Listen to this story
A few days ago, a bug in an open-source library caused ChatGPT to be taken off the grid. This issue allowed a small percentage of users to view the titles of other users’ conversation history, as well as the payment-related details of ChatGPT Plus subscribers. But, Redis was here to save OpenAI’s day.
“A bug report is one way to know someone uses your open-source software,” said Yiftach Shoolman, co-founder and CTO at Redis. The Redis team came to know that it is in fact their software which OpenAI is using to scale ChatGPT, when OpenAI reached out to them to find a fix for the bug, which their team was happy to do.
The bug and the fix
On Monday, March 20 at 1 am PST, a bug was introduced into the server at OpenAI that caused a surge in Redis request cancellations. The bug exposed information related to active users’ first and last name, email address, payment address, the last four digits (only) of a credit card number, and credit card expiration date. OpenAI uses Redis to cache user information in their server, and this bug resulted in a small likelihood of each connection returning corrupted data.

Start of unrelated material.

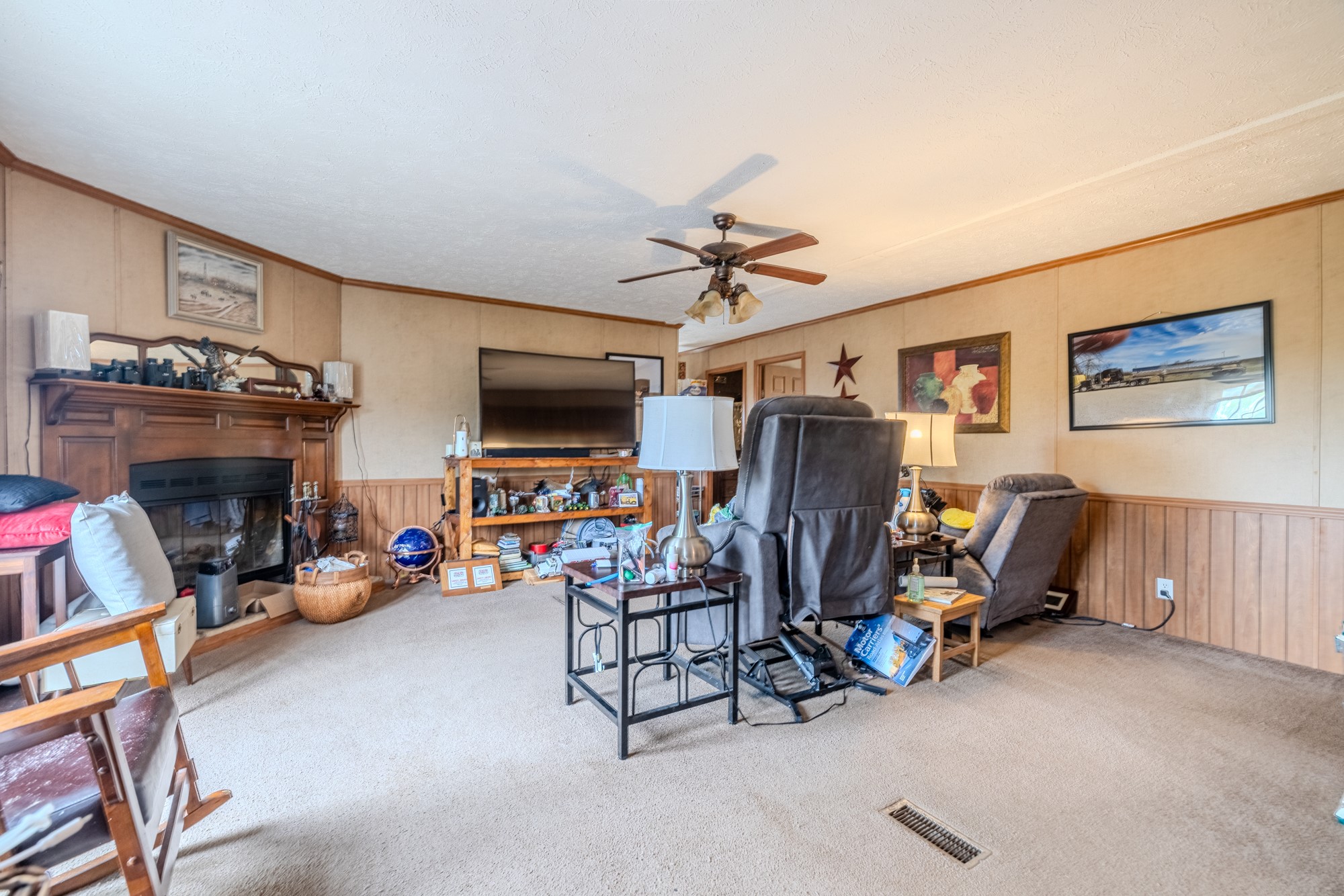 10653 Ridgehorn Street Property Photo 18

The Redis Cluster is used to distribute the load across multiple Redis instances, and OpenAI interfaces with Redis through the redis-py library. The interface with Redis is from OpenAI’s Python server, which runs with Asyncio. When using Asyncio, requests and responses with redis-py behave as two queues. If a request is cancelled after being pushed onto the incoming queue but before the response is popped from the outgoing queue, the connection becomes corrupted.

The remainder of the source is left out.